The race to ensure City IT systems are millennium compliant has led to euro issues taking a back seat, according to European IT services group CMG. Of the IT managers surveyed, 80 percent considered the bug problem to be their first or second priority for the year. Only 29 percent saw the euro as a top priority.
The millennium race countdown, suprisingly, will not see a widespread increase in IT budgets for the year. Only 32 percent of IT budgets for 1999 will increase, with 29 percent of respondents actually reporting a decrease in expenditure for the year. This is coupled with staffing levels in the majority of companies remaining static.
The apparent laxity in dealing with euro issues is thought to be a short-term issue due to the complexity of the millennium problem. CMG suggests that once millennium projects have been completed the race will start to ensure euro compliance for the UK’s anticipated entry into monetary union in 2002.
Chris Brown, head of CMG’s banking division in the UK, said: “Not suprisingly, the Year 2000 is still high on the short-term agenda for IT departments in the banking sector. But it is obviously alarming that 5 percent of the survey have not yet started on this issue.”

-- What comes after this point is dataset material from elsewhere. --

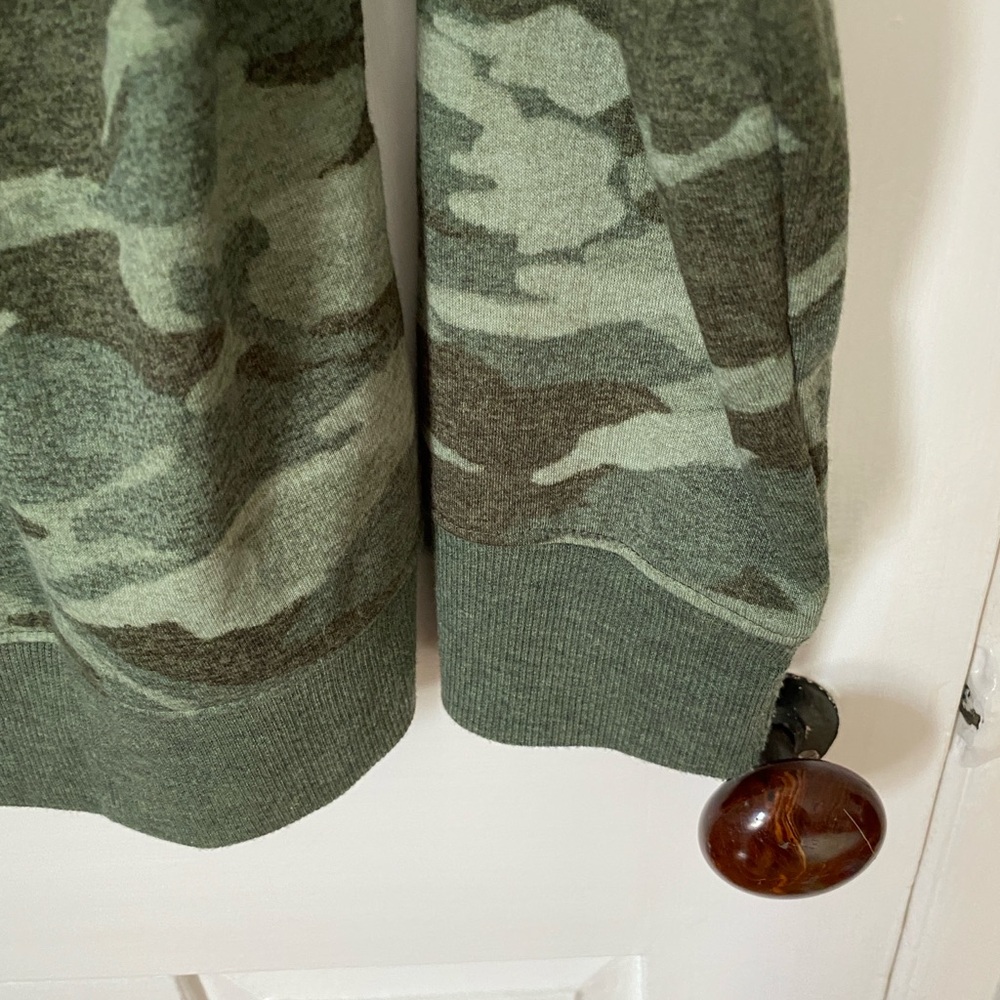 Camouflage Crew Neck Sweater - Medium - Picture 5 of 5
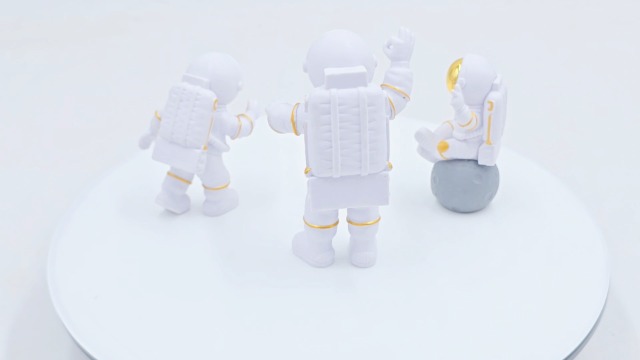 Set de 3 Figuras Astronautas Decorativas en Resina Dorada miniatura 7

A study by Inter-Continental Hotels suggests that it is not only IT departments lacking in euro awareness. A survey of business travellers in Europe found that one in five didn’t realise that the euro was electronically introduced this year. Less than half of those living outside the new eurozone were aware that euro currency and cheques were being introduced in 2002. There was also confusion about the number of countries in the first wave of the euro, with only six out of 10 aware of the correct number.